You can use Union on channel boards with no problema.


----------



## ek9max

F1EA said:


> You can use Union on channel boards with no problema.


I'd like to see how that works. Kinda defeats the purpose of the channel I think.


----------



## F1EA

ek9max said:


> I'd like to see how that works. Kinda defeats the purpose of the channel I think.


Not really. It still provides minimum board contact, freedom for any stance width, and you can use the discs purely for centering boots...


----------



## Nivek

Not entirely I have disc mount cartels on my Trick Pony. You still have unrestricted stance width. I've grown to really appreciate the channel and what it and bindings designed around it are capable of and would honestly like to see other brands get past this "if we do it too we'll only be viewed as following Burton" mentality. I think it does need to be explored further, but honestly that wont happen until other brands use it and specifically attempt to differentiate themselves from Burton by uitilizing it in other ways.


----------



## ridinbend

Nivek said:


> Not entirely I have disc mount cartels on my Trick Pony. You still have unrestricted stance width. I've grown to really appreciate the channel and what it and bindings designed around it are capable of and would honestly like to see other brands get past this "if we do it too we'll only be viewed as following Burton" mentality. I think it does need to be explored further, but honestly that wont happen until other brands use it and specifically attempt to differentiate themselves from Burton by uitilizing it in other ways.


Capita had it for a while back in mid 2000's but didn't stick with it. I liked it. I love it now, I just have to keep a measuring tape with me as I don't have a numerical reference to the burton references.


----------



## ek9max

Nivek said:


> Not entirely I have disc mount cartels on my Trick Pony. You still have unrestricted stance width. I've grown to really appreciate the channel and what it and bindings designed around it are capable of and would honestly like to see other brands get past this "if we do it too we'll only be viewed as following Burton" mentality. I think it does need to be explored further, but honestly that wont happen until other brands use it and specifically attempt to differentiate themselves from Burton by uitilizing it in other ways.


I agree!

Seeing endeavor go 100% channel this season coming up is good for the industry. I heard Capital is also considering this. Once that happens, I'm sure union, flux or whoever will start making "EST" type bindings.


----------



## F1EA

ek9max said:


> I agree!
> 
> Seeing endeavor go 100% channel this season coming up is good for the industry. I heard Capital is also considering this. Once that happens, I'm sure union, flux or whoever will start making "EST" type bindings.
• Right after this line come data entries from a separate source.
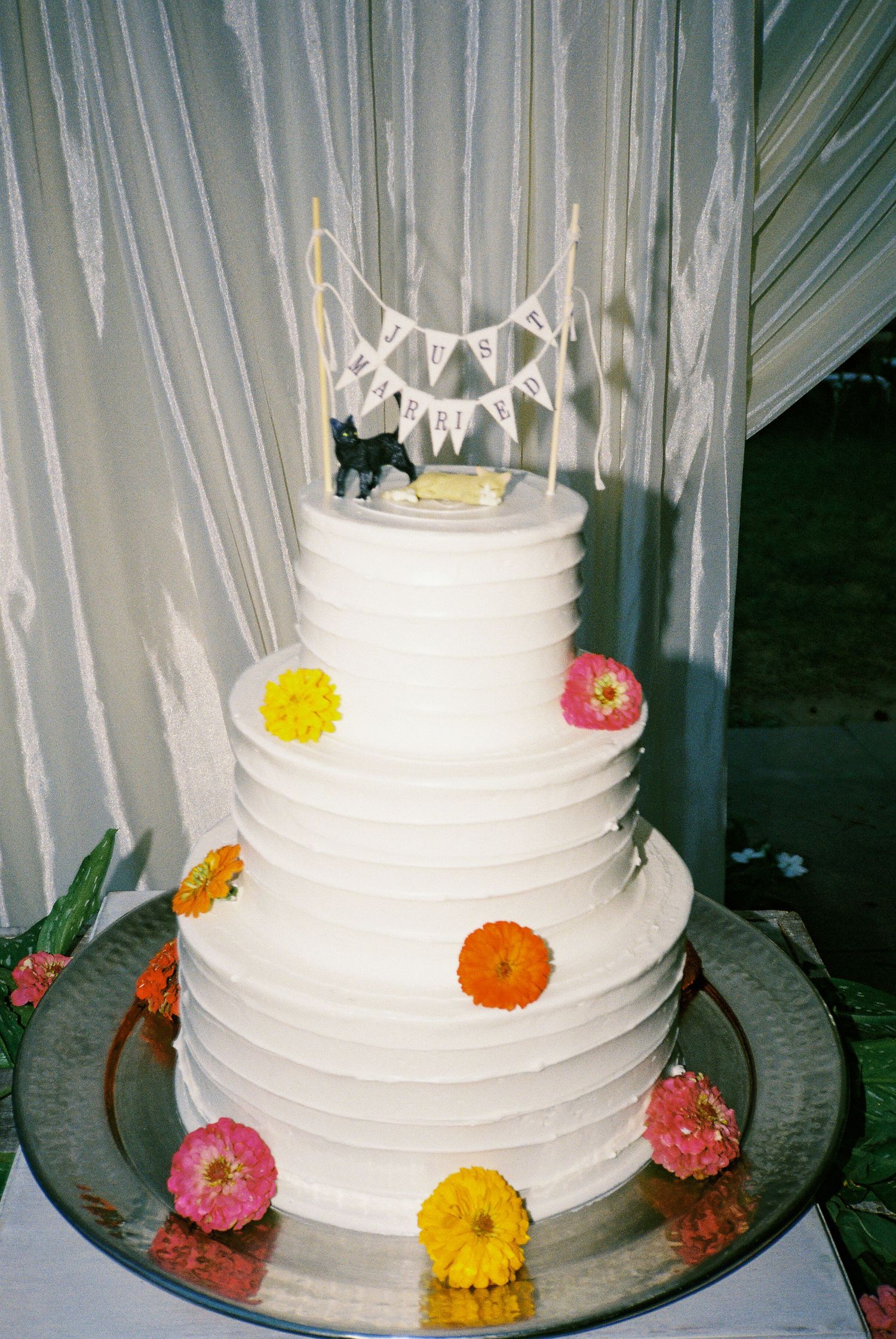 A white tiered wedding cake decorated with colorful flowers and a banner topper.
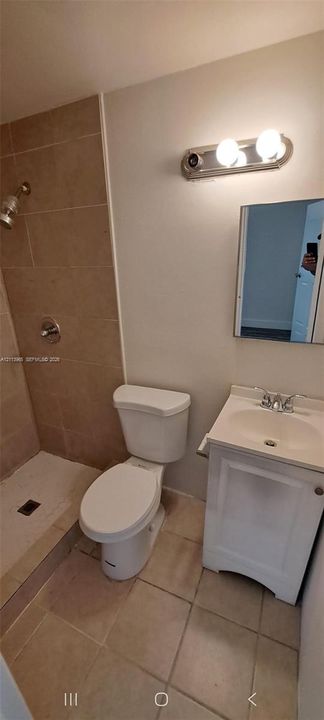 Bathroom featuring a tiled shower enclosure, white vanity cabinet with a integrated sink, two-light wall-mounted fixture, and ceramic floor tiling
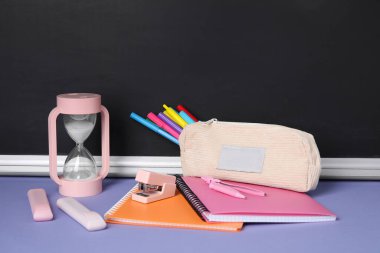 Üzerinde farklı okul kırtasiyesi ve mor masa üzerindeki kum saati olan kalem kutusu.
Or at least EST-optimized discs.

Also... yes to what Nivek and Ridin said.
My Now drives came with a measuring tape, first time i ever measured my stance


----------



## ek9max

F1EA said:


> Or at least EST-optimized discs.
> 
> Also... yes to what Nivek and Ridin said.
> My Now drives came with a measuring tape, first time i ever measured my stance


Ya. I do love the fact that I can get my stance width perfect AND get my boot centrered from toe to heel edge.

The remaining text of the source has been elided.